Problem details » Transcribe, word for word and without additions, each line below from the one containing "Blush Pink Gold" through the one containing "Kenneth Cole Men's", both ends included.

Records for the exercise »
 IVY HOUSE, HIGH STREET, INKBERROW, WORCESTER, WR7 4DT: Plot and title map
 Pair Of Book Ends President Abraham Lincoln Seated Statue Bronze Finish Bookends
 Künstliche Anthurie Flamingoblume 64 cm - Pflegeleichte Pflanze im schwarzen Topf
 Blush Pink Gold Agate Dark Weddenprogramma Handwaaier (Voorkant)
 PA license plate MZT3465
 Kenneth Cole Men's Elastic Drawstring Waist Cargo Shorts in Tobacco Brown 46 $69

* * *

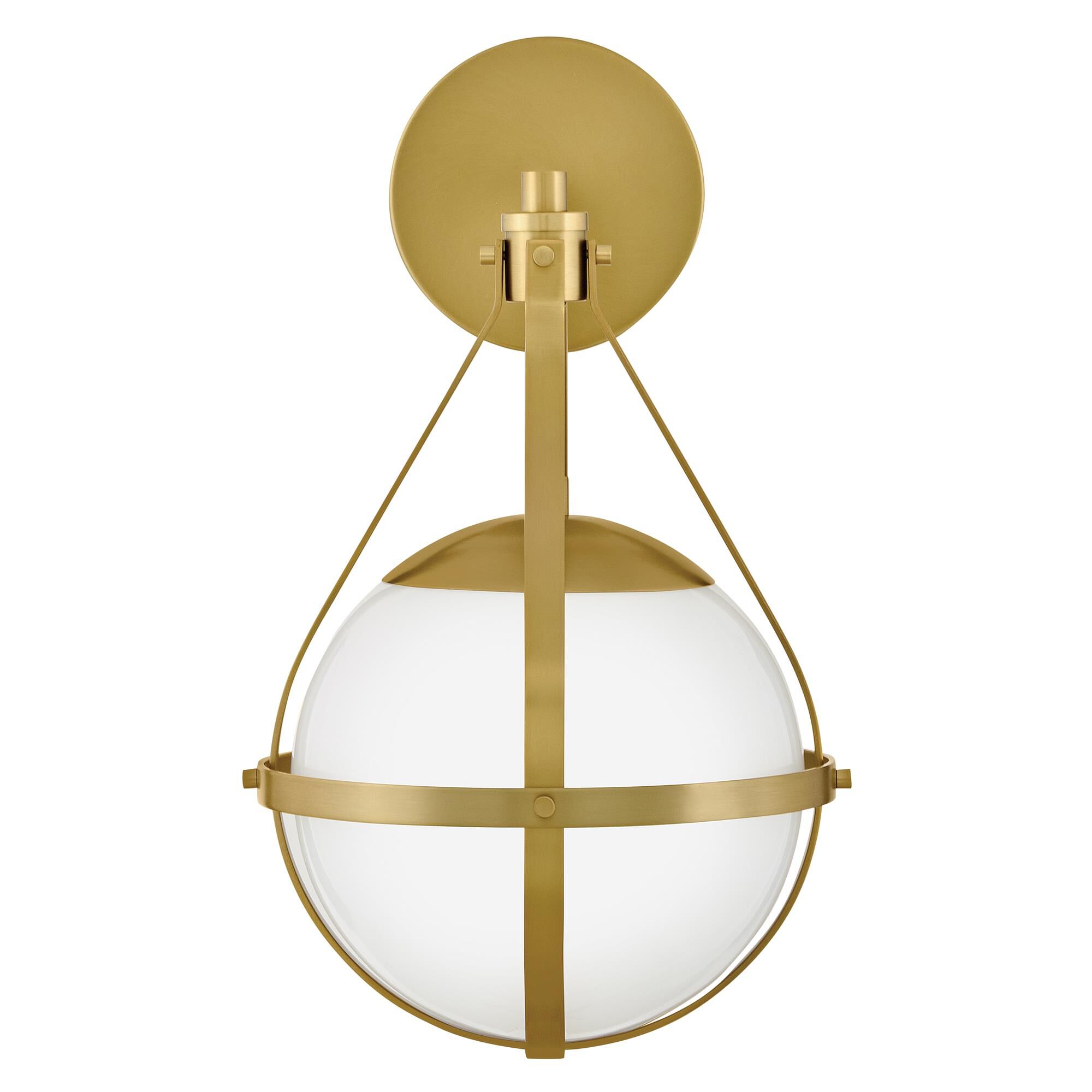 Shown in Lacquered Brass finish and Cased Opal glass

---

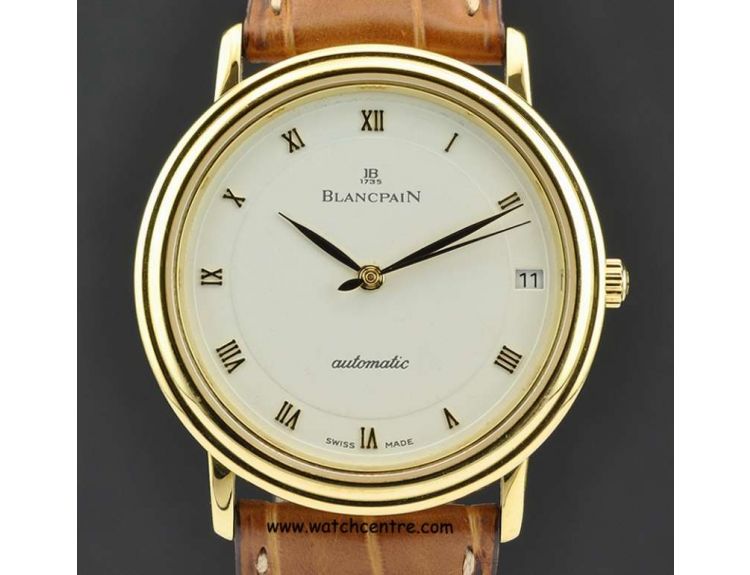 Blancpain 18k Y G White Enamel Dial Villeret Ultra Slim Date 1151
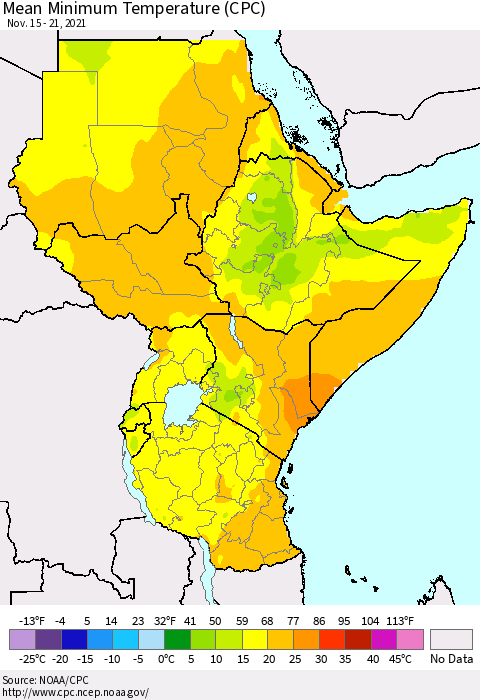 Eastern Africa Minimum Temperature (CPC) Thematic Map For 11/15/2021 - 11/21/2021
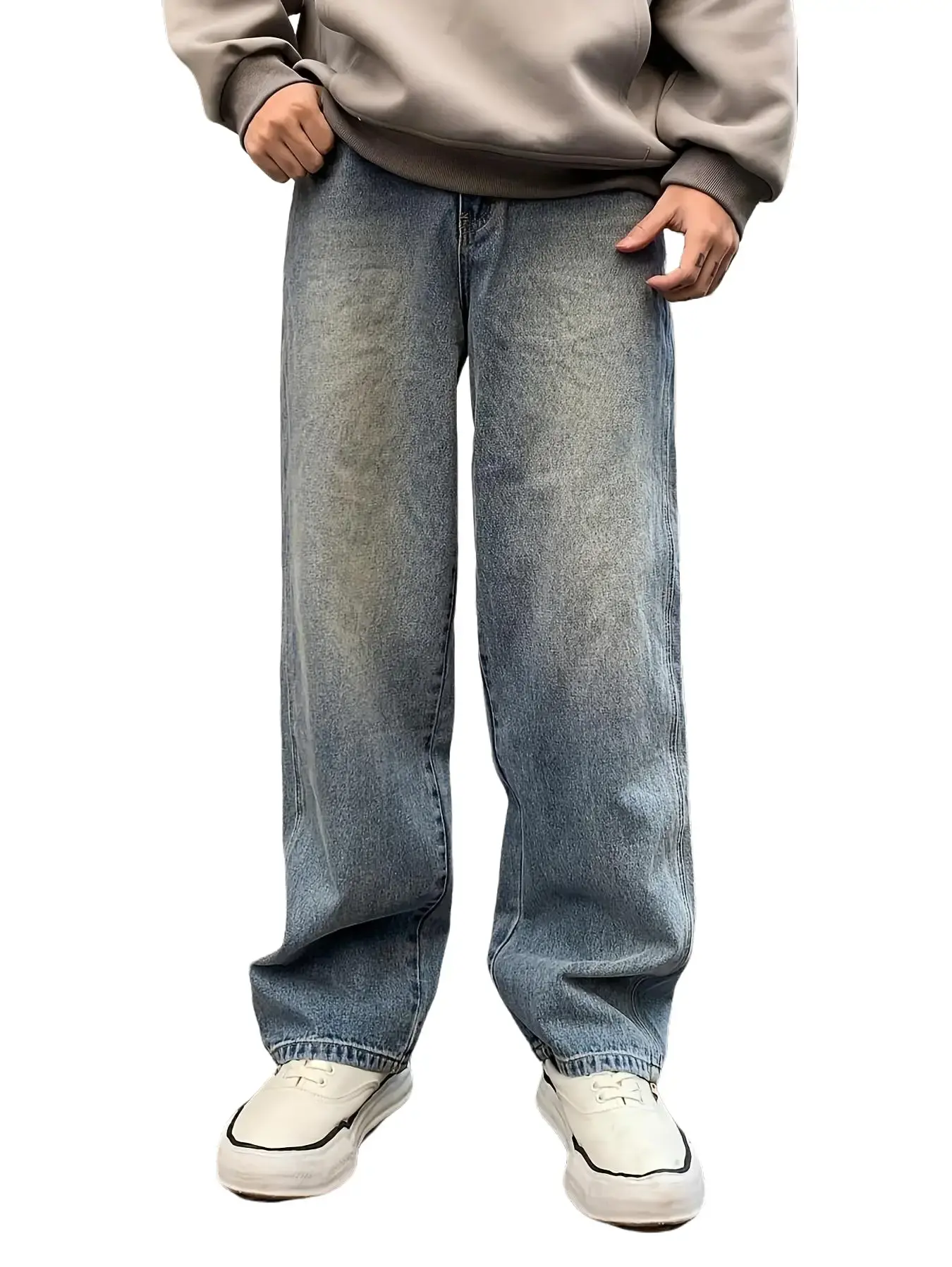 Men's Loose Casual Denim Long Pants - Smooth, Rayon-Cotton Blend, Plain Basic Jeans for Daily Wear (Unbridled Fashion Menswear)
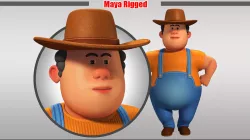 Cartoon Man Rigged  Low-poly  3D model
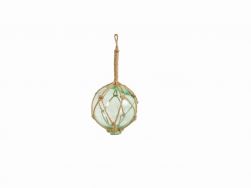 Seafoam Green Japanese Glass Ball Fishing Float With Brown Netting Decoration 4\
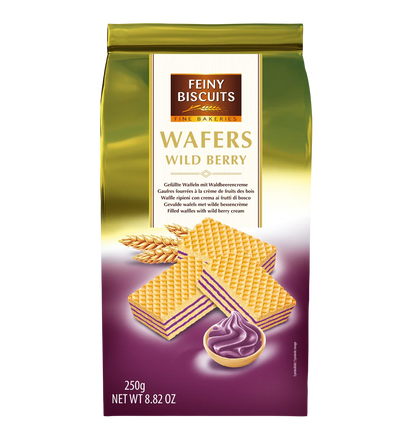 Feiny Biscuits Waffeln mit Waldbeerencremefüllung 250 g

Output for this task »
 Blush Pink Gold Agate Dark Weddenprogramma Handwaaier (Voorkant)
 PA license plate MZT3465
 Kenneth Cole Men's Elastic Drawstring Waist Cargo Shorts in Tobacco Brown 46 $69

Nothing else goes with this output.